Multiplication is an important part of real-time digital signal processing (DSP) applications ranging from digital filtering to image processing. Due to large area consumption and long latency characteristics of multiplier typically limited its performance; therefore a good design of multiplier is highly unavoidable. The increasing need towards fast multiplication made researchers to design higher order compressors which enhance the speed of computation by reducing the critical path delay of the processing unit. If we fused two or more arithmetic operation together the overall system performance can be improved great extent.
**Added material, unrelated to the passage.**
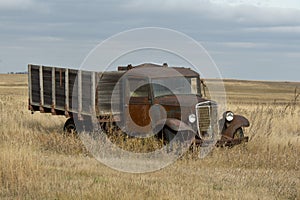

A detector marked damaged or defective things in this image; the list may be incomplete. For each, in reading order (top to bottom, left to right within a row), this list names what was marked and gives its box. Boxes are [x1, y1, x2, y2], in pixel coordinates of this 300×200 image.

rusty truck [28, 62, 250, 147]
In order to accomplish a novel FAM unit, it is indispensable to use high speed multipliers. The multiplication operation entails three major steps:

- (i) Generation of Partial products,
- (ii) Reduction of partial products, and
- (iii) Computation of final product.

The partial products reduction stage requires more attention and is the most complicated stage which determines the overall speed of the multiplier. This stage mainly contributes to the overall delay and power due to its long vertical path. Generally adders are used in the reduction process to minimize the long vertical path. But adders are used it takes more number of stages in the reduction process and this increases the area and the delay of the multiplier unit. In order to avoid this limitation, compressors are implemented in the

multiplier design. The main aim of this paper is to optimize the partial products reduction stage in the multiplier incorporated in the FAM unit. As a result speeding up the second stage is the prominent method to achieve high performance in the multiplier. Fig. 1 shows the conventional FAM design using 3:2 compressors in Wallace tree. The conventional design of the FAM operator requires that its inputs A and B are first driven to an adder and then the input X and the sum Y=A+B is multiplied. The generated partial products are added up by using Wallace tree incorporating 3:2 compressors. The sum and the carry outputs of Wallace tree multiplier are given to the CLA adder to form the final product Z=X.Y. The drawback of using an adder is that it inserts a significant delay in the critical path of the AM. As there are carry signals to be propagated inside the adder, the critical path depends on the bit-width of the inputs. In order to decrease this delay, a Carry-Look-Ahead (CLA) adder can be used which, however, increases the area occupation and power dissipation. So we propose a new technique, the direct recoding of the sum of two numbers in its MB form leads to a more efficient implementation of the fused Add-Multiply (FAM) unit compared to the convention alone. Direct shaping of the MB form of the sum of two numbers (Sum to MB – S-MB), the S-MB algorithm is employed. Three different recoding techniques(S-MB1, S-MB2 and S-MB3) are utilized.

# **OBJECTIVE:**

As the scale of integration keeps growing, more and more sophisticated signal processing systems are being implemented on a VLSI chip. These signal processing applications not only demand great computation capacity but also consume considerable amount of energy. While performance and Area remain to be the two major design tolls, power consumption has become a critical concern in today's VLSI system design. The need for low-power VLSI system arises from two main forces. First, with the steady growth of operating frequency and processing capacity per chip, large currents have to be delivered and the heat due to large power consumption must be removed by proper cooling techniques. Second, battery life in portable electronic devices is limited. Low power design directly leads to prolonged operation time in these portable devices. Addition usually impacts widely the overall performance of digital systems and a crucial arithmetic function. In electronic applications adders are most widely used. Applications where these are used are multipliers, DSP to execute various algorithms like FFT, FIR and IIR. Wherever concept of multiplication comes adders come in to the picture. As we know millions of instructions per second are performed in microprocessors. So, speed of operation is the most important constraint to be considered while designing multipliers. Due to device portability miniaturization of device should be high and power consumption should be low. Devices like Mobile, Laptops etc. require more battery backup. So, a VLSI designer has to optimize these three parameters in a design. These constraints are very difficult to achieve so depending on demand or application some compromise between constraints has to be made. Ripple carry adders exhibits the most compact design but the slowest in speed. Whereas carry look ahead is the fastest one but consumes more area. Carry select adders act as a compromise between the two adders.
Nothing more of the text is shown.